The Mauryan and Gupta Empires (South Asia) [individual assignment]

The Mauryan and Gupta Empires (South Asia)

 To what degree the Indus River civilization was “Indian” remains unclear, as do the true foundations of Indian culture. Conventionally, these are said to have been laid around 1500 B.C.E., when the Indo-Europeans known as Aryans invaded northern India. These lighter-skinned horseback warriors conquered darker-skinned natives (collectively known as Dravidians), forming a common culture with them as they expanded southward. Variety within this culture was still astounding, however, with dozens of ethnicities and languages evolving throughout the subcontinent. India’s size and diversity kept it broken apart during much of its early history.

The first state to unify most of it was the Mauryan Empire (324–184 B.C.E.), founded by Chandragupta Maurya and ruled from the capital of Pataliputra on the eastern Ganges. The empire, which included all but India’s southernmost tip, developed an elaborate bureaucracy that collected a 25 percent tax on all agricultural production and maintained a network of informers to spy on its own people and enforce obedience. The Mauryans’ powerful army deployed elephants in addition to chariots and cavalry, and their trade network was extensive. They issued a standard currency and traded not just with East and Southeast Asia, but as far away as the Middle East and the eastern Roman Empire. Key exports included salt, iron, and cotton cloth.

The best known of the Mauryan emperors was Ashoka (269–232 B.C.E.). A successful warrior as a youth, Ashoka became sickened by war after one of his greatest victories.
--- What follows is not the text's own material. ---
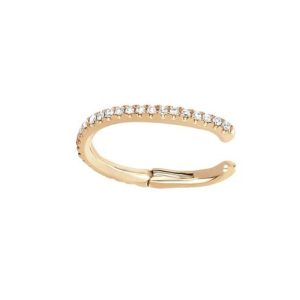 (Single) Large Diamond  Ear Cuff 14K Yellow Gold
He converted to Buddhism and advocated peace and tolerance, advertising those ideals by raising stone columns carved with Buddhist teachings—the Pillars of Ashoka—throughout the country. He encouraged trade with China, especially for its silk, and opened trade routes to the north. He was admired for his justice and wisdom, and remains famous for creating harmony between India’s Buddhists, Hindus, and other believers. His efforts to spread Buddhism played a key role in establishing it as a formal religion.
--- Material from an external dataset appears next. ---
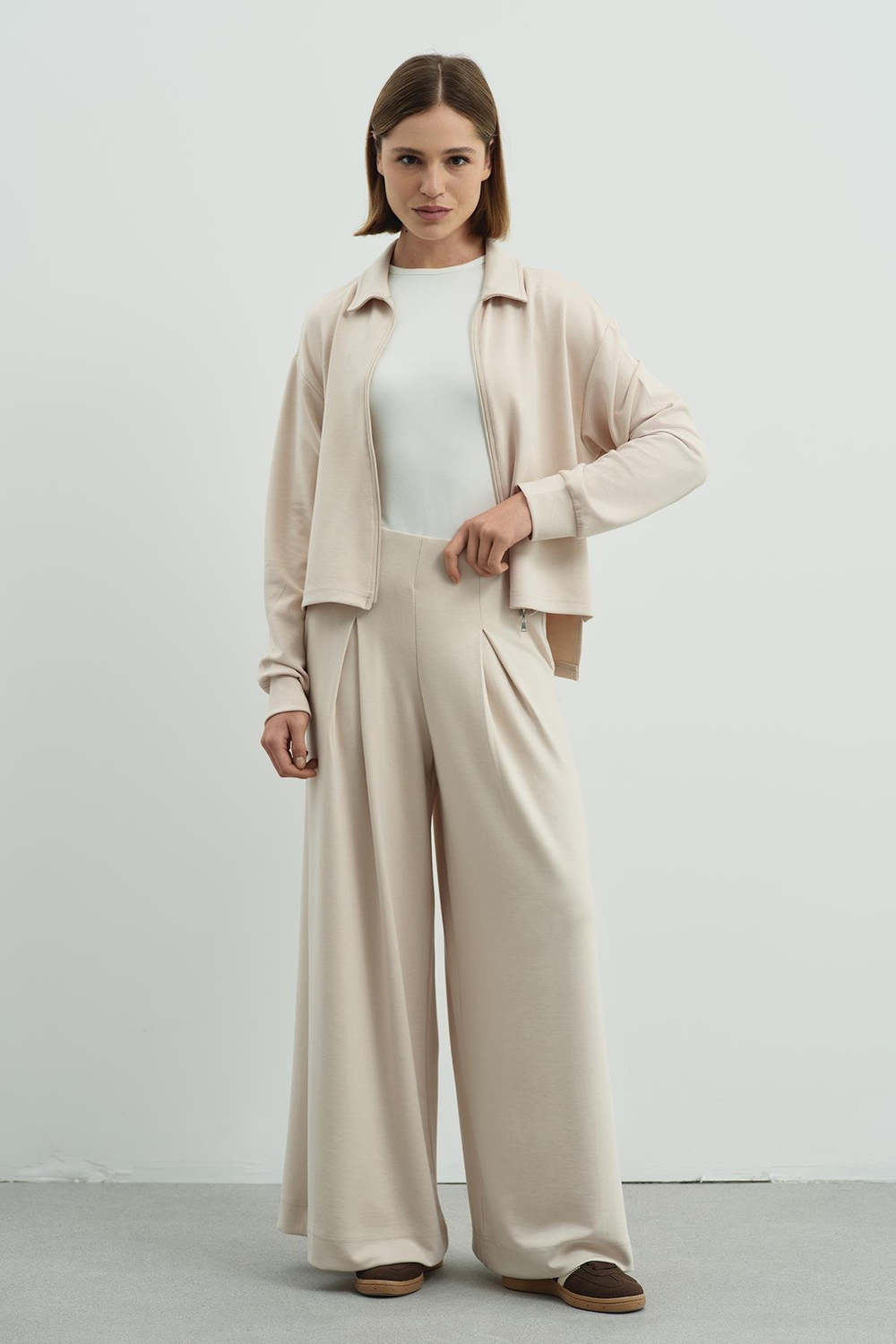 Pure Touch Tek Pileli Pantolon CC7007 Bej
In 184 B.C.E., the Mauryan empire collapsed due to attacks from outside enemies, and for the next five centuries, India reverted to a state of political disunity.

Not until 320 C.E. did another large empire rise up, also along the eastern Ganges: the Gupta Empire, which controlled most of north-central India, with vassal states to the east and northwest. The Gupta consciously imitated the Mauryan empire. Their first ruler, Chandra Gupta, borrowed his name from the first Mauryan emperor, and chose the Mauryan capital, Pataliputra, as his own.
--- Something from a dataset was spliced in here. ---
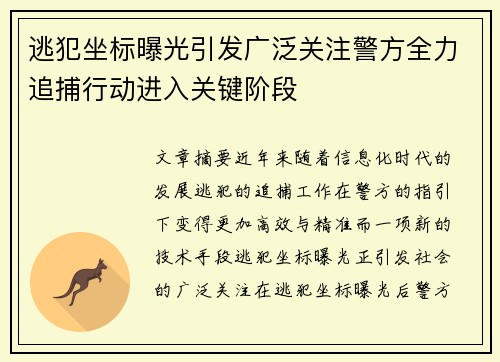 逃犯坐标曝光引发广泛关注警方全力追捕行动进入关键阶段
The Gupta empire was smaller and less centralized than the Mauryan, and depended more on diplomacy to maintain its authority. Although the Gupta were Hindu, they practiced religious toleration. Gupta India traded by boat with Malaysia and Indonesia, exchanging cotton, metal wares, and salt for spices, and with China for silk. Their economic network included the Arabian Sea and eastern Mediterranean. At least in Afro-Eurasia, Gupta scholars are thought to have originated the decimal system (and the wrongly named “Arabic numerals”), including the concepts of zero and pi. As did the Mauryans, the Gupta imposed a 25 percent tax on agricultural products.

Not only did the Gupta strengthen the caste system, they were more patriarchal than the Mauryans, and the status of women declined. Women lost the right to own property and were forced to become more obedient to males. Among Hindus, the sati ritual of burning widows alive with their dead husbands became more common.

The Gupta emperors fell in the mid-500s C.E. As with the Mauryans before them, the main cause was outside military pressure, especially from the nomadic White Huns on the northwest frontier. From then until after 1000 C.E., India remained decentralized. Muslim invaders then moved into the subcontinent, decisively reshaping Indian politics and culture.

 

Questions for experts

1.     What were the main points of the civilization?

2.     What factors influenced the civilization?

Questions for the mixed groups

1.     What was similar between the civilizations?

2.     What was different between the civilizations?

3.     What factors brought civilizations to contact each other?